Gold’s rarity, and the expertise required to harness it as a medium, contributed to its impact as a visual expression of power. The objects in this exhibition were crafted from metal excavated from mines across three continents and transported over vast regions, often in the form of currency. In the hands of trained craftspeople, this processed gold was transformed into jewelry that adorned Roman patrician women or spun into thread that was then woven into textiles for elite patrons in Europe and Asia. The long historical thirst for gold motivated California’s own extractive 19th-century mining practices, the legacy of which is explored through photographs by Ansel Adams and Edward Weston.

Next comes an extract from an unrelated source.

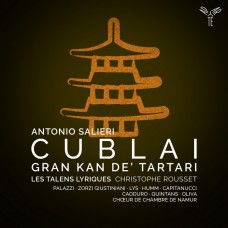 (2CD)薩里耶瑞: 歌劇(忽必烈,韃靼大汗) 克里斯多夫.胡賽 指揮 抒情天才古樂團 那慕爾室內合唱團	Les Talens Lyriques / Salieri: Cublai, gran kan de' Tartari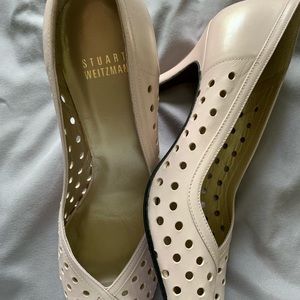 Stuart Wisemen peep toe heels perfect for summer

New technical analysis conducted for this exhibition helped to identify the objects’ fundamental material properties, which provoked further questions about their significance—are these works actually gold, and what does it mean if they are not? In some cases, gilding versus solid gold becomes an issue, because it is the purity and preciousness of the material itself that gives these objects power. Alternatively, when “gold” is created through the treatment of another metal such as brass, or by skillful illusionistic painting, the gleaming effect and impressive artistic alchemy become more important than the raw materials.

Organized on the occasion of the Museum’s 50th anniversary, a milestone traditionally associated with this metal, Gold: Enduring Power, Sacred Craft invites fresh inquiry into the nature of gold as an artistic medium. In the process, the exhibition generates new conversations about the cultural and material resilience of these objects, many of which will be displayed together for the first time.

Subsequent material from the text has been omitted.